→ **Supplied records**:
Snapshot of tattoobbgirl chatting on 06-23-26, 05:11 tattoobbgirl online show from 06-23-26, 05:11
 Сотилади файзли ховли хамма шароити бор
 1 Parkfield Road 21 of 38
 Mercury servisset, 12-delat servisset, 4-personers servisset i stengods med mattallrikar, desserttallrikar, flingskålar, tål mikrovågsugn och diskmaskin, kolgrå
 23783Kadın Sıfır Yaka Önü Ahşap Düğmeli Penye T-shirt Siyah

* * *

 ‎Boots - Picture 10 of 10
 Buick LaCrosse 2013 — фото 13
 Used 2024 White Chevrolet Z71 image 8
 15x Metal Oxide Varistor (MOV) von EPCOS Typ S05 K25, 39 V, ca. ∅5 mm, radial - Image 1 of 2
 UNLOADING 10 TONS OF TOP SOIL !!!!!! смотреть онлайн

→ **Exercise**: Among the lines above, find the one with "Сотилади файзли ховли хамма шароити бор" and the one with "Mercury servisset, 12-delat". Quote both and everything between them, exactly.

→ **Answer for the task**:
 Сотилади файзли ховли хамма шароити бор
 1 Parkfield Road 21 of 38
 Mercury servisset, 12-delat servisset, 4-personers servisset i stengods med mattallrikar, desserttallrikar, flingskålar, tål mikrovågsugn och diskmaskin, kolgrå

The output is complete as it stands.